EXERCISE AIM
Nothing but the lines holding the string "Image" should appear in the answer. Copy them from the entries.

[[ DATA SHOWN, beginning ]]

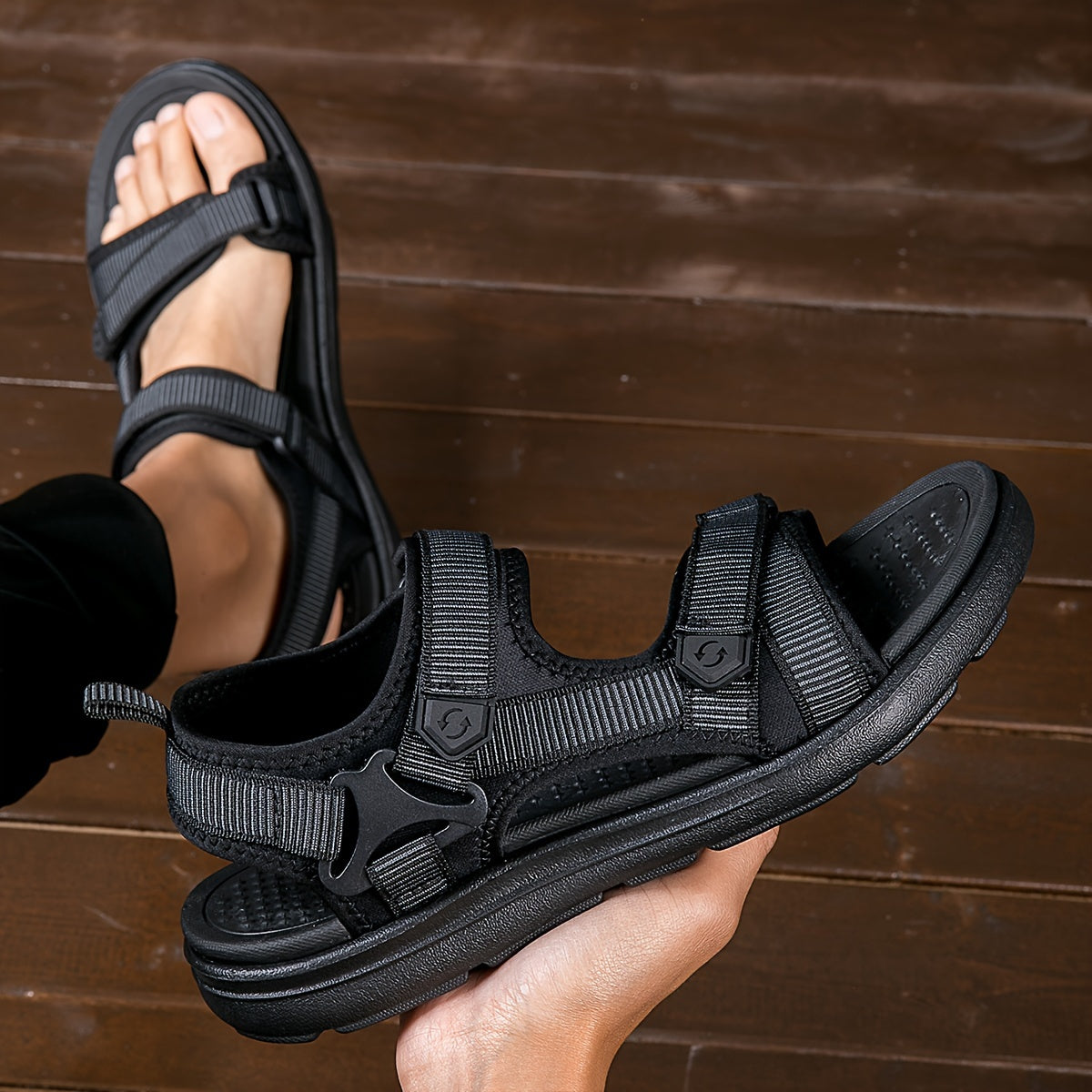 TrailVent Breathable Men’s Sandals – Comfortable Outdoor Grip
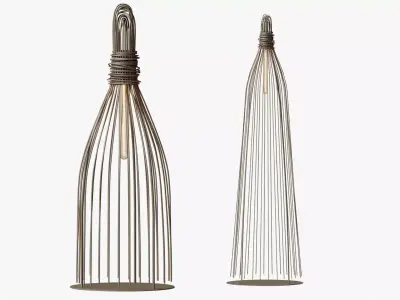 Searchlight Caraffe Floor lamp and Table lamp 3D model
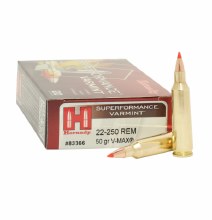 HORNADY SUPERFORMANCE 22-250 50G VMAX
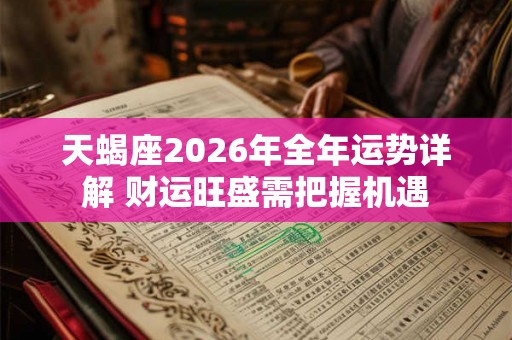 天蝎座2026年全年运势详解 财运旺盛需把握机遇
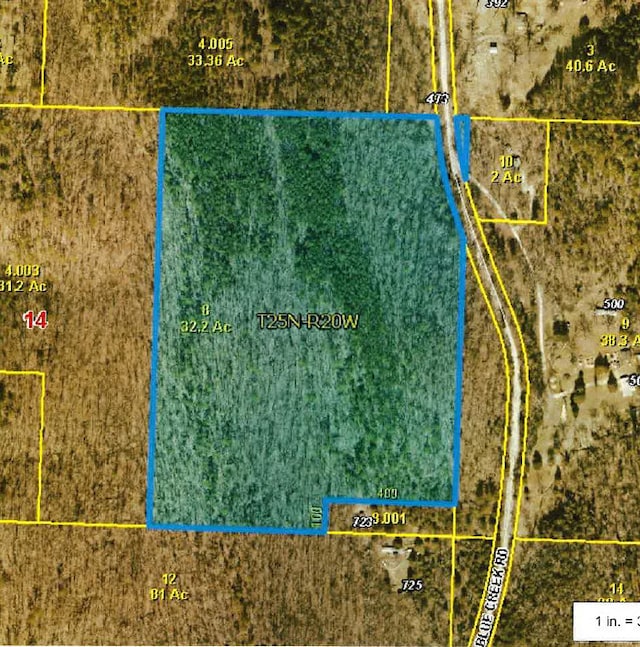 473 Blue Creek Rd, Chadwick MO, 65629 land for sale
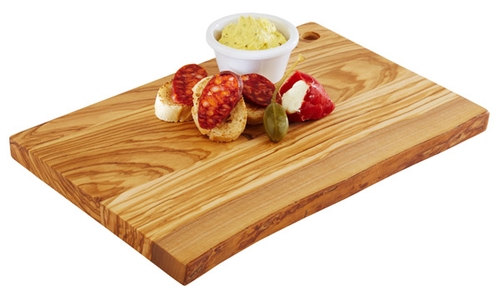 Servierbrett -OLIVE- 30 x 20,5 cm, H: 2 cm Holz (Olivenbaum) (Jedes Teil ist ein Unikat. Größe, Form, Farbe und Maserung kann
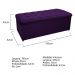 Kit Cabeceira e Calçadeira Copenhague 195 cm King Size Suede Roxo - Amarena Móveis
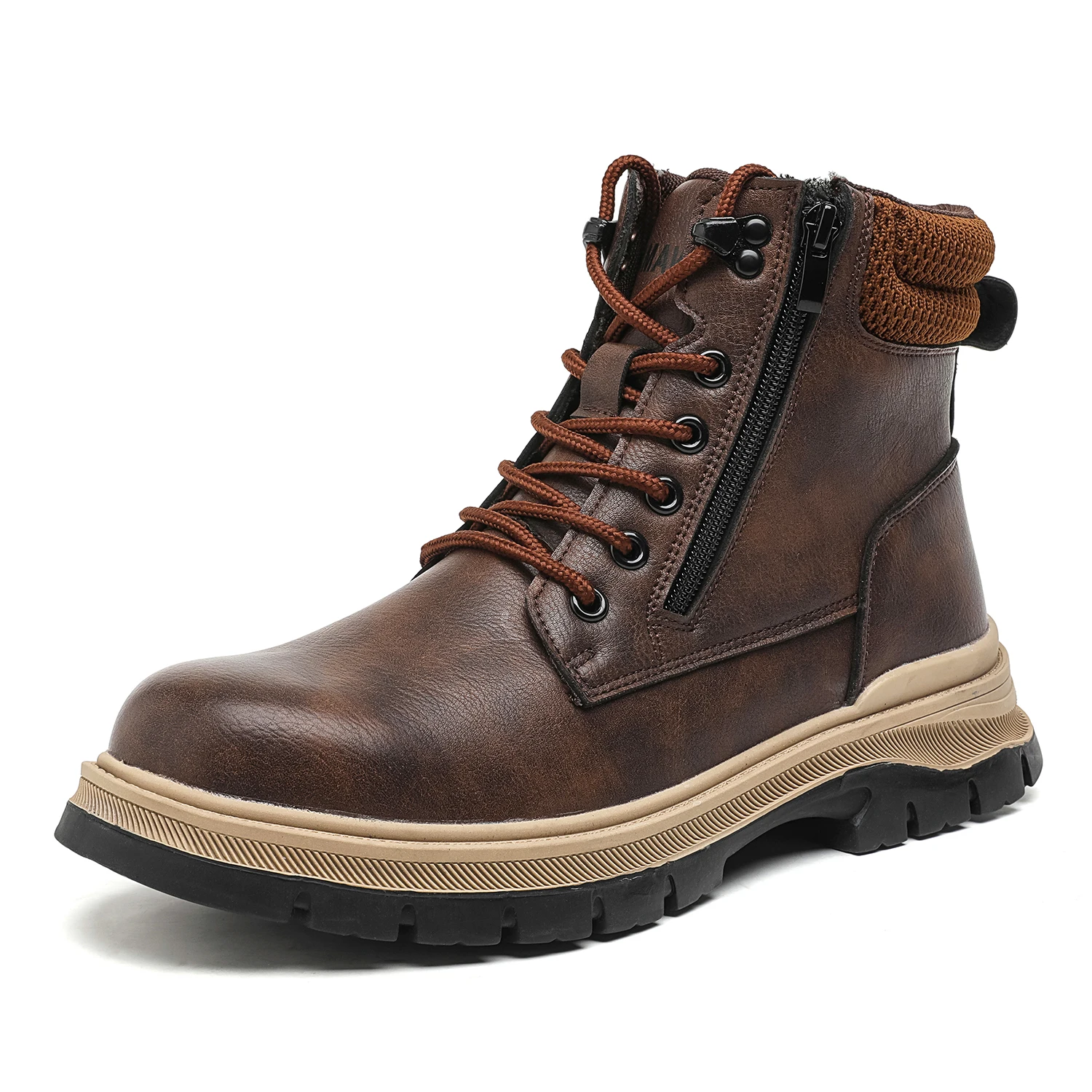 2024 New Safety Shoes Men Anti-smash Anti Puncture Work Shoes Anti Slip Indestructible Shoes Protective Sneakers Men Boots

[[ DATA SHOWN, end ]]
[[ DATA SHOWN, beginning ]]

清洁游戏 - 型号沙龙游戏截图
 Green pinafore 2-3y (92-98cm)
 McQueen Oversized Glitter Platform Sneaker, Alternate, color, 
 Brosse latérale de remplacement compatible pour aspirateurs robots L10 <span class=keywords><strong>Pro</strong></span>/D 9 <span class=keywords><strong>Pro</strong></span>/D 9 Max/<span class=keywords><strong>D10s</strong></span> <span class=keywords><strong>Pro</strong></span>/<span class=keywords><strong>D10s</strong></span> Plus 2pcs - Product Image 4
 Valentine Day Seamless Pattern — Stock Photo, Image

[[ DATA SHOWN, end ]]

EXERCISE SOLUTION
 Brosse latérale de remplacement compatible pour aspirateurs robots L10 <span class=keywords><strong>Pro</strong></span>/D 9 <span class=keywords><strong>Pro</strong></span>/D 9 Max/<span class=keywords><strong>D10s</strong></span> <span class=keywords><strong>Pro</strong></span>/<span class=keywords><strong>D10s</strong></span> Plus 2pcs - Product Image 4
 Valentine Day Seamless Pattern — Stock Photo, Image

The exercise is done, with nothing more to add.